Entretanto, o estado português envia para a zona da fronteira reforços militares, com o receio de, na avalanche, alguns revolucionários portugueses procurarem derrubar o Estado Novo. São efectuadas batidas no sentido de precaver a existência de focos de revolta, mas as tropas portuguesas só encontram gente assustada, mulheres, crianças, velhos. O principal responsável pelo controlo desta fronteira é o Tenente Seixas, do Posto de Safara da Guarda-fiscal.




Entre Agosto e Outubro de 1936, o responsável militar procura minorar a violência contra os foragidos e vai tentando salvaguardar a segurança daqueles que estão sob a sua alçada das mãos dos falangistas que por todos os meios tentam apanhar o maior número possível de “republicanos e rojos”. Sem grandes condições para manter os grupos separados, são criados dois “campos de concentração” (talvez o melhor termo seja o de campo de refugiados), onde se concentram mais de mil espanhóis. Os locais são a Herdade da Coitadinha, a cerca de 60 metros do monte, a montante do Poço da Ferradura, e na Almofadinha, junto à Choça do Sardinheiro. Os números exactos são de 1025 pessoas, aquelas que serão transferidas a partir de 8 de Outubro em camionetas para Moura e Beja e, finalmente, a partir de Lisboa, onde no navio Niassa chegarão ao Porto republicano de Tarragona, fugindo desta forma à fúria nacionalista que à época controlava toda a zona.

Os relatos da altura falam do apoio dado em Beja pelas populações que forneceram água e víveres. E dos dois partos efectuados em Moura.



A Herdade da Coitadinha vê-se desta forma associada à Guerra Civil de Espanha pela existência de um Campo de Concentração (talvez mais correcto seja a utilização do termo Campo de Refugiados), pela forma como todos aqueles que ali se encontravam, que funcionou durante quase três meses.

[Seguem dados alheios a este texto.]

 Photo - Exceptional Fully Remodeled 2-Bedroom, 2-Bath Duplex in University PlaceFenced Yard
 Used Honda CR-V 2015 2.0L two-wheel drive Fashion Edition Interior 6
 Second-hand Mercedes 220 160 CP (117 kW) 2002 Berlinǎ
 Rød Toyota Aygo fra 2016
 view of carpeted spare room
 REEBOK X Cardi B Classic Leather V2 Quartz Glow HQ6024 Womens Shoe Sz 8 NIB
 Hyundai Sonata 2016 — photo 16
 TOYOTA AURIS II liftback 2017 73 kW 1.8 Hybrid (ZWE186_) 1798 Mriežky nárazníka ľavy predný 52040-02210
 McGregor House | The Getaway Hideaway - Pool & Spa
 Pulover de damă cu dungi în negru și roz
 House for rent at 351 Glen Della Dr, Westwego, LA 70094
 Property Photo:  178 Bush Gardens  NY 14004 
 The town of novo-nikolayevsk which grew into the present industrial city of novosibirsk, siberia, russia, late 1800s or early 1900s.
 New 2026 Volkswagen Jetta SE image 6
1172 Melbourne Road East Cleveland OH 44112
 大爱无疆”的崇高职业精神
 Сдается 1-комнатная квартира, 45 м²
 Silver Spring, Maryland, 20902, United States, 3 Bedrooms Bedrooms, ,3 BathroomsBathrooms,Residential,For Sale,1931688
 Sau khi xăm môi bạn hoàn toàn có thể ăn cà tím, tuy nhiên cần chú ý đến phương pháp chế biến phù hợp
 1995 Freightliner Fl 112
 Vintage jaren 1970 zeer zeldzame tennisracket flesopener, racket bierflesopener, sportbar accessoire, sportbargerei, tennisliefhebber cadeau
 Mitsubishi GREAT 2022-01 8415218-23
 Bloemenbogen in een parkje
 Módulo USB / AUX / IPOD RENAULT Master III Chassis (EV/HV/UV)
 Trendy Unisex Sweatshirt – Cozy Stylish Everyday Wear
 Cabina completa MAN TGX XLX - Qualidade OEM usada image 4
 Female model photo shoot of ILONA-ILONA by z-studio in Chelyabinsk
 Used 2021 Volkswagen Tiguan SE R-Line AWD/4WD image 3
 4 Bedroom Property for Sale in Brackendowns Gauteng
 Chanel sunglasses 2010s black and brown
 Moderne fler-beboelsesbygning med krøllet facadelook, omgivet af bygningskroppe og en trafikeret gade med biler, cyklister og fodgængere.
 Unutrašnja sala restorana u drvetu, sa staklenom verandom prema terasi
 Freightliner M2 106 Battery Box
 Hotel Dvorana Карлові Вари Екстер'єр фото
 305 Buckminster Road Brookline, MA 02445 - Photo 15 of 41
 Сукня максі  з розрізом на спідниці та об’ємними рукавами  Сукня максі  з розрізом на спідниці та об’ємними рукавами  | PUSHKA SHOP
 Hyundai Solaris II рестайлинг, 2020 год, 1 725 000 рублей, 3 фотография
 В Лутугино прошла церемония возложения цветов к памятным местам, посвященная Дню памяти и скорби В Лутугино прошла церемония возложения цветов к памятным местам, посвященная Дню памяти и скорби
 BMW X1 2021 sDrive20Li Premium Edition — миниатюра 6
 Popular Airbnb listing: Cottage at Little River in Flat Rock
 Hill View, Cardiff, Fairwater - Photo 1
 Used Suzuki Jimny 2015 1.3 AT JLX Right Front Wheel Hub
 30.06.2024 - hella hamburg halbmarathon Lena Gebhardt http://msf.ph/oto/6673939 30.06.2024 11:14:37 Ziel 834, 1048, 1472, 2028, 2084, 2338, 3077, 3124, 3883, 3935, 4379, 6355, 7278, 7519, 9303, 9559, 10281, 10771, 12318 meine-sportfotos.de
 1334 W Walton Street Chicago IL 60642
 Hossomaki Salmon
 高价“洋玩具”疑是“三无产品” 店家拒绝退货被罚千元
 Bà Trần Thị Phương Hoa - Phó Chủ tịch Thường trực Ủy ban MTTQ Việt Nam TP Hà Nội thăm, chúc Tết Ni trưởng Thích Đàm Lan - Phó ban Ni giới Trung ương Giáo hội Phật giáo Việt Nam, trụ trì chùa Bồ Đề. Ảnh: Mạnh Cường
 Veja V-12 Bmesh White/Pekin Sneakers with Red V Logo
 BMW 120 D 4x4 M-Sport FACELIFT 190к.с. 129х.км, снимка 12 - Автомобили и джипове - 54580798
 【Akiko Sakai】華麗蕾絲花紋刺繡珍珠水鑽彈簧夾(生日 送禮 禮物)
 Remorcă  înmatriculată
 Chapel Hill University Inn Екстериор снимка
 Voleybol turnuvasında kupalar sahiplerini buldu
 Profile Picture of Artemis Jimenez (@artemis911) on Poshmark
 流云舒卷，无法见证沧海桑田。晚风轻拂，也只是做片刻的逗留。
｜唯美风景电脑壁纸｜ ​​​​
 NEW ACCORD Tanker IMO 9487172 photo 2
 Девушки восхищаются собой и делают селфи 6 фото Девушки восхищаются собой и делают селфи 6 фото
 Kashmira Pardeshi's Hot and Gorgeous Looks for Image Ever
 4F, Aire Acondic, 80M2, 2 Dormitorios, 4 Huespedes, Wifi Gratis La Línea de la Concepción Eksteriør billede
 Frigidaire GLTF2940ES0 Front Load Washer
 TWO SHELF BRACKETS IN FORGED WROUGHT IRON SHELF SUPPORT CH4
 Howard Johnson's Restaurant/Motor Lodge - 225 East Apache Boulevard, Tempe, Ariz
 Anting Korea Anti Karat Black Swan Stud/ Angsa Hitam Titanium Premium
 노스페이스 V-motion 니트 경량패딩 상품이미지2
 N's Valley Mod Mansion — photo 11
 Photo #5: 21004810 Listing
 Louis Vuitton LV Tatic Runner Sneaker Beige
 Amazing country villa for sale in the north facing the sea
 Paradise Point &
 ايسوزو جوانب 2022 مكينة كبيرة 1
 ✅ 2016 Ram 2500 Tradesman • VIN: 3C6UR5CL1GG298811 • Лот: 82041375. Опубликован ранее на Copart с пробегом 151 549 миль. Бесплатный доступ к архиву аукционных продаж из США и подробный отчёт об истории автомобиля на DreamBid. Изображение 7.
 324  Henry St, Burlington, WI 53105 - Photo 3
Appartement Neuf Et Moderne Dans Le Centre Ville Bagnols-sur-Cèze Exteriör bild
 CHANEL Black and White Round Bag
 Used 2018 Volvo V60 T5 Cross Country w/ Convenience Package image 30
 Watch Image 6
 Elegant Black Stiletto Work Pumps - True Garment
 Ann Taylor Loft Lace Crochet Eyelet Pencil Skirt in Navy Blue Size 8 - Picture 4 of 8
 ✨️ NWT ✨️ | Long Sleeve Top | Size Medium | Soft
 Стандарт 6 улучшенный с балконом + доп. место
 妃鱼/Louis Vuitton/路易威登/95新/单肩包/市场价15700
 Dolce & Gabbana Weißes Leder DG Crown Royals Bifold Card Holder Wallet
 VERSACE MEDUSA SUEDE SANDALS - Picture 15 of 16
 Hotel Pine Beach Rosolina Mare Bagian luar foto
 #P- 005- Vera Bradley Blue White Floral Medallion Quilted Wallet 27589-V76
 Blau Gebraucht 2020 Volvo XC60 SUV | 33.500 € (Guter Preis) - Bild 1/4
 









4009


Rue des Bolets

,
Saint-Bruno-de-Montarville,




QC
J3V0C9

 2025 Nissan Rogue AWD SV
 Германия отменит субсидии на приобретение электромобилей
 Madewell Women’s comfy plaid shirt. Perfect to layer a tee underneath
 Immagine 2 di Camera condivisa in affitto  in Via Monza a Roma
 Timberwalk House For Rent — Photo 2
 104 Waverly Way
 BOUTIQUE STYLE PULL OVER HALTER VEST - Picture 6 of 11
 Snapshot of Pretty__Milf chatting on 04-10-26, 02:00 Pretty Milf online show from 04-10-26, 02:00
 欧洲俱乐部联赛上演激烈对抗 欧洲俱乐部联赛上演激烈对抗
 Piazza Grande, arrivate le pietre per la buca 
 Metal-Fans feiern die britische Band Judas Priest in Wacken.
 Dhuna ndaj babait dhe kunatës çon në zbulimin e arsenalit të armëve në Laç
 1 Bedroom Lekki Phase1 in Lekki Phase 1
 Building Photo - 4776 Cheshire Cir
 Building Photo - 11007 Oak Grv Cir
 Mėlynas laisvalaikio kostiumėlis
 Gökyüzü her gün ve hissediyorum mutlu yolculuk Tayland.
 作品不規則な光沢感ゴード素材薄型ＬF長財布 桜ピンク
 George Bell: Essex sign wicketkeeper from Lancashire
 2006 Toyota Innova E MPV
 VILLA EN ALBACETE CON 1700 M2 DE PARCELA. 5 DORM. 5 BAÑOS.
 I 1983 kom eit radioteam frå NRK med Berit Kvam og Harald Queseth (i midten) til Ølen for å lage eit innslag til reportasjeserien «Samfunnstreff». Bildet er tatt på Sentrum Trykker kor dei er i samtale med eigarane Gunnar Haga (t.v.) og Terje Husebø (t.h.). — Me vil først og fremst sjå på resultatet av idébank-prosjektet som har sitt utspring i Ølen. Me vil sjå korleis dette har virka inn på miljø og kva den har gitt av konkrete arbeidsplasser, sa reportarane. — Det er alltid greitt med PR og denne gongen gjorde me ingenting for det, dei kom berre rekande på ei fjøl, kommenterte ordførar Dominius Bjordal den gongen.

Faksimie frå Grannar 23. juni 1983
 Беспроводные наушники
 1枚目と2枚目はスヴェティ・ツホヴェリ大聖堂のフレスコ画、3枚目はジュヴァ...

A solidariedade manifestava-se pela alimentação que era fornecida, tanto pelos barranquenhos e, em particular, pelos proprietários, como pelo Estado português, pelas roupas que eram doadas, em particular às crianças, para além da segurança que estava imanente à sua presença ali.

O campo era uma estrutura muito rudimentar em que uma das poucas construções efectuadas foi uma espécie de casa de banho dividida em duas partes, feita em chapas de zinco e troncos de azinheira, separando desta forma a área de utilização de mulheres e homens.



Acoitados entre estevas e azinheiras, os refugiados viviam protegidos pela Brigada Fiscal de Safara, que para ali tinha sido destacada para proteger a zona da fronteira, bastante povoada do lado espanhol, e muito acicatada pelos militares falangistas que, quase sempre não faziam prisioneiros, mas mortos.

Apesar de pouco divulgada esta estrutura marca bastante a memória da população de Barrancos, uma estrutura que tem ainda hoje como única referência física o Poço da Ferradura, e de onde se abasteciam os cerca de setecentos refugiados fugidos à violência das tropas que ocuparam as povoações espanholas da região de Barrancos.



Na memória, serve sobretudo a coragem do Tenente Seixas que, desobedecendo aos seus superiores hierárquicos, assumiu a segurança de todos os espanhóis em fuga que entendiam ficar sobre o seu controlo e viu-se por isso castigado sendo compulsivamente reformado.